Wat zijn normale patronen van cerebrospinale vloeistofstroming?
Cerebrospinale vloeistof (CSF) stroomt normaal rond de hersenen en door het ruggenmerg volgens een standaard fysiologisch circulatiepatroon. Het begint in de hersenen, waar het uit de bloedbaan en membranen wordt genomen, waarna de stroom van hersenvocht langs vaste paden door de schedel, schedelzenuwen en wervelkolom verloopt. Deze stroom wordt beïnvloed door zwaartekrachtvelden en door de druk van de circulerende bloedstroom. Medische professionals kunnen de stroompaden van hersenvocht volgen met behulp van MRI-studies (Magnetic Resonance Imaging) van de hersenen van patiënten.
Cerebrospinale vloeistofstroom begint in het hoge middenhersenengebied vanuit de laterale ventrikels. De vloeistof wordt uit de bloedbaan en de membranen van de hersenen getrokken door gebieden in de hersenventrikels en hersenstam, de choroid plexus. CSF stroomt vervolgens naar beneden in de derde ventrikel, waar meer vloeistof wordt geproduceerd, wat bijdraagt aan het stroomvolume. De vloeistof wordt vervolgens in de vierde ventrikel afgevoerd door een ruimte die het aquaduct van Sylvius wordt genoemd. Sommige CSF wordt ook geproduceerd in de vierde ventrikel, maar deze vloeistof neemt een ander pad weg van de hoofdstroom en gaat rechtstreeks naar de cisterna magna, een groot bassinvormig gebied aan de onderkant van de schedel.
Het hoofdvolume van de cerebrospinale vloeistofstroom gaat dan naar beneden in de subarachnoïdale ruimte en via openingen die cisterna worden genoemd, naar andere delen van de hersenen en naar de wervelkolom. De grootste opening wordt de cisterna magna genoemd. Dit is waar het hoofdvolume van de CSF-stroom samenkomt met de CSF die werd geproduceerd in de vierde ventrikel.
Cerebrospinale vloeistofstroom gaat door de cisterna magna en naar beneden in de wervelkolom. Het keert terug naar de hersenen in het gebied van de superieure sagittale sinus, een groef langs de bovenkant van de schedel die van de voorkant van het hoofd naar de achterkant loopt. Hier wordt het CSF vervolgens opnieuw in de bloedbaan opgenomen door de arachnoïde villi, dit zijn sponsachtige weefsels die in dit gebied worden gevonden.
De stroom van hersenvocht kan worden gezien door een MRI. Zulke studies hebben aangetoond dat als CSF-druk hoger is dan die van de aderen waarin het wordt geabsorbeerd - de bloeddruk - het dan weer in de bloedbaan wordt opgenomen.

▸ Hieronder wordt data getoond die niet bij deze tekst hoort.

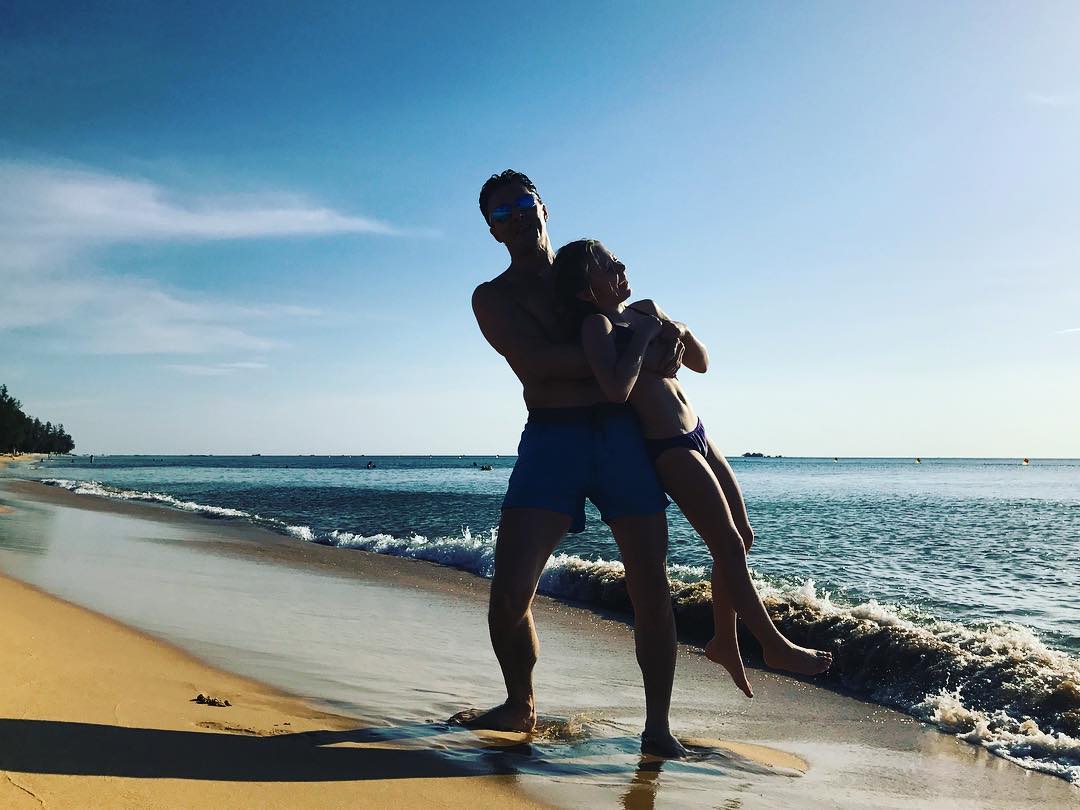 Влюблены и красивы: певица Глюкоза позирует на пляже со своим мужем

De snelheid waarmee CSF wordt geabsorbeerd hangt af van de veneuze druk.
Als de druk van de CSF veel lager is dan de veneuze druk, kan deze echter niet opnieuw worden opgenomen in de bloedbaan. Dit kan leiden tot blokkades, die ernstige gezondheidseffecten kunnen hebben. Medische professionals hebben CSF-shunts geïnstalleerd om deze aandoening te verlichten en om de CSF-stroom in het lichaam opnieuw te reguleren.
CSF-stroom kan worden gewijzigd door veranderingen in zwaartekrachtvelden. Als u bijvoorbeeld op elke afstand met de kop naar beneden boven de aarde hangt, zou dit een gravitatie-invloed hebben op de CSF-stroom. De velden geproduceerd door standaard MRI's zijn magnetische velden, die verschillen van de zwaartekrachtveldinvloeden van een grote planetaire massa, en hebben geen invloed op de hersenvloeistofstroom op dezelfde manier.